● Input data
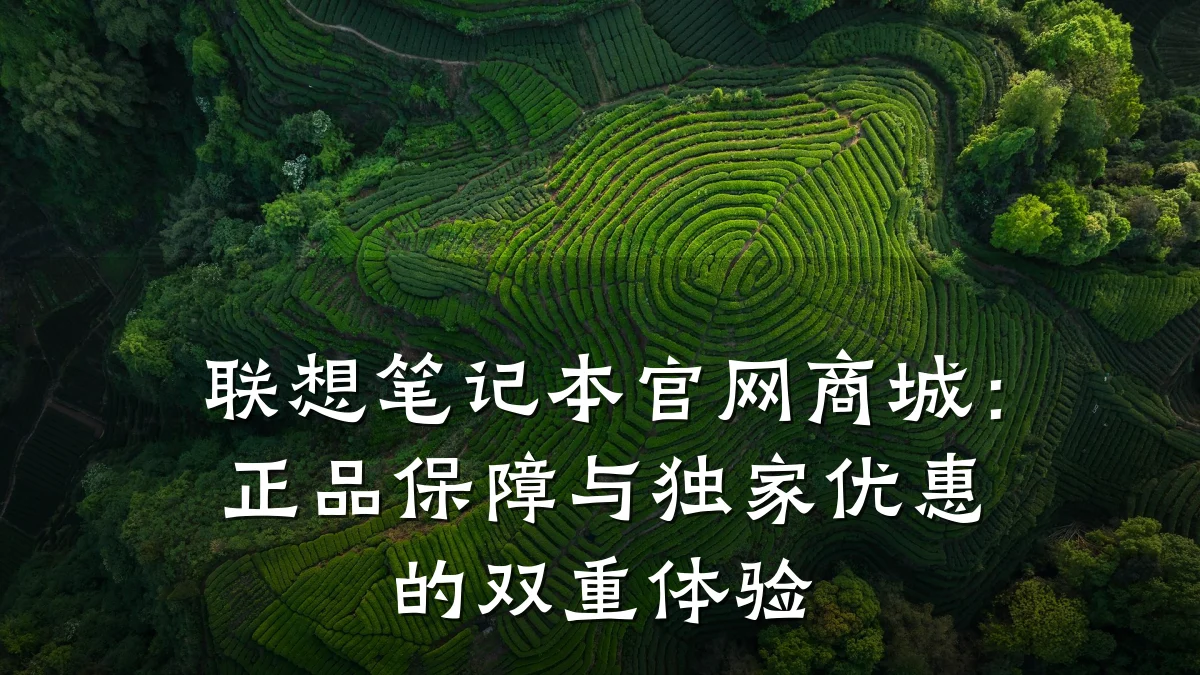 联想笔记本官网商城:正品保障与独家优惠的双重体验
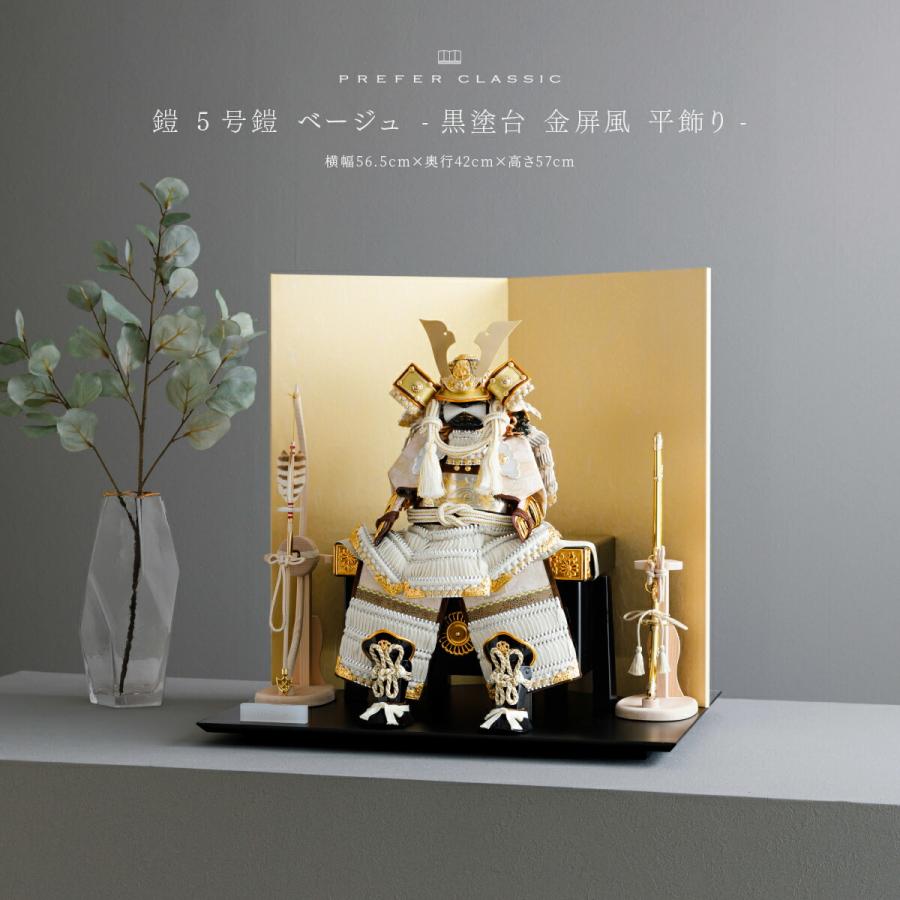 五月人形 おしゃれ 鎧飾り 鎧 モダン インテリア 高級 5月人形 兜 PREFER CLASSIC 五月人形 黒塗台 金屏風 平飾り 弓太刀 白珠13号 5号鎧 ベージュ 中鍬形 | ブランド登録なし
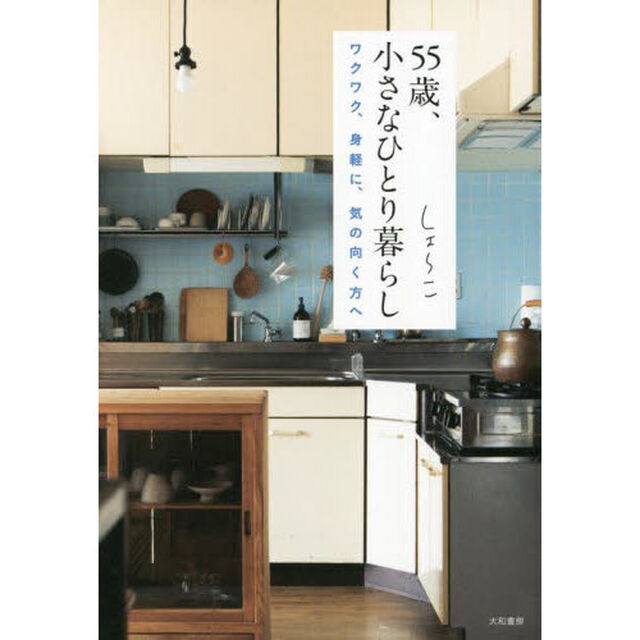 ５５歳、小さなひとり暮らし　ワクワク、身軽に、気の向く方へ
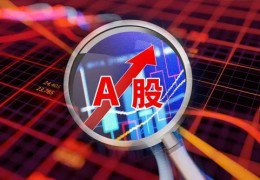 a股开盘(a股开盘时间和收盘时间表)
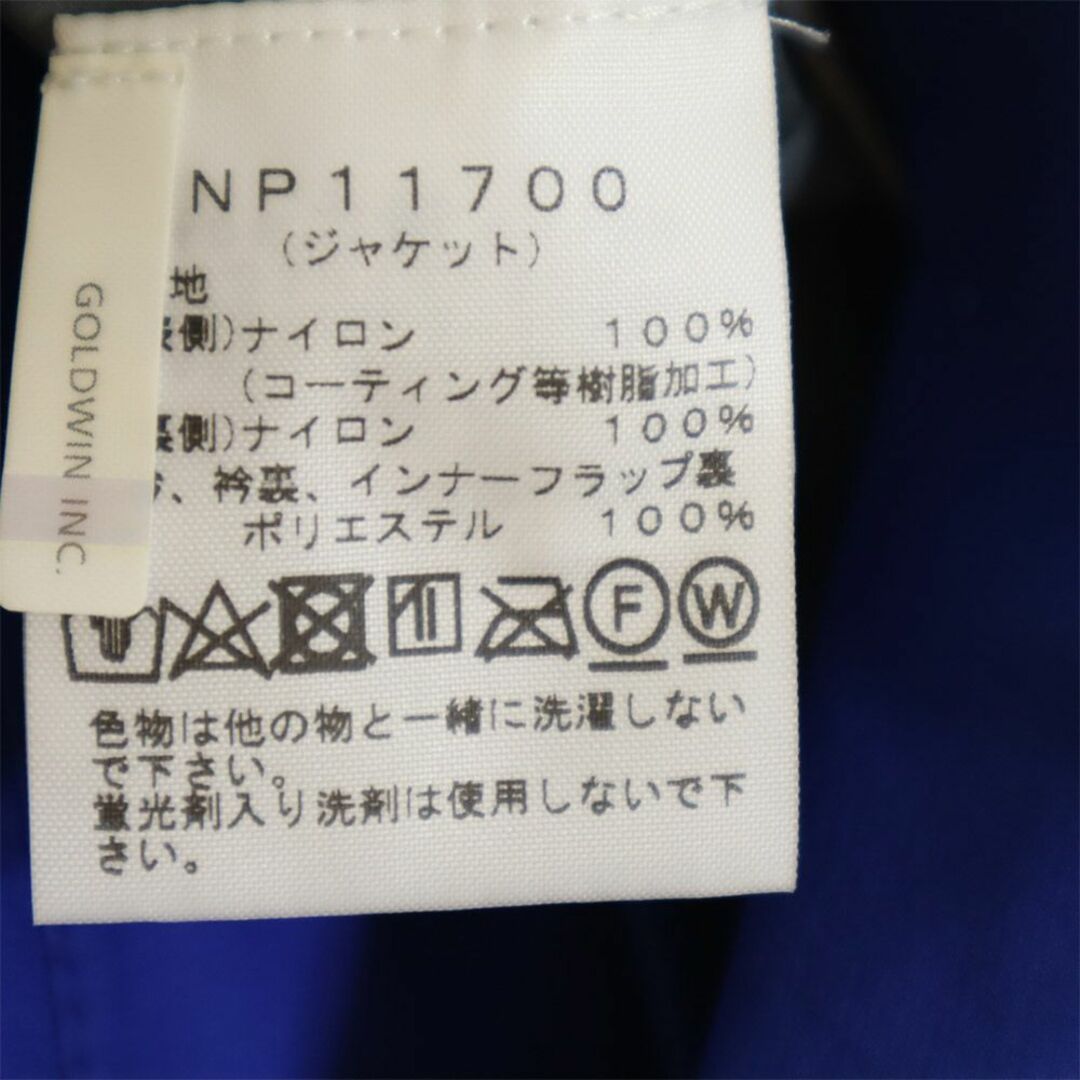 THE NORTH FACE(ザノースフェイス)のザノースフェイス NP11700 ゴアテックス アウトドア レインジャケット 上下 セットアップ L ブルー系 THE NORTH FACE ナイロン メンズ 古着 【240306】 メンズのファッション小物(レインコート)の商品写真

● Problem statement
Without the pictures, return all the records precisely as they stand.

● Answer to the problem
 联想笔记本官网商城:正品保障与独家优惠的双重体验
 五月人形 おしゃれ 鎧飾り 鎧 モダン インテリア 高級 5月人形 兜 PREFER CLASSIC 五月人形 黒塗台 金屏風 平飾り 弓太刀 白珠13号 5号鎧 ベージュ 中鍬形 | ブランド登録なし
 ５５歳、小さなひとり暮らし　ワクワク、身軽に、気の向く方へ
 a股开盘(a股开盘时间和收盘时间表)
 THE NORTH FACE(ザノースフェイス)のザノースフェイス NP11700 ゴアテックス アウトドア レインジャケット 上下 セットアップ L ブルー系 THE NORTH FACE ナイロン メンズ 古着 【240306】 メンズのファッション小物(レインコート)の商品写真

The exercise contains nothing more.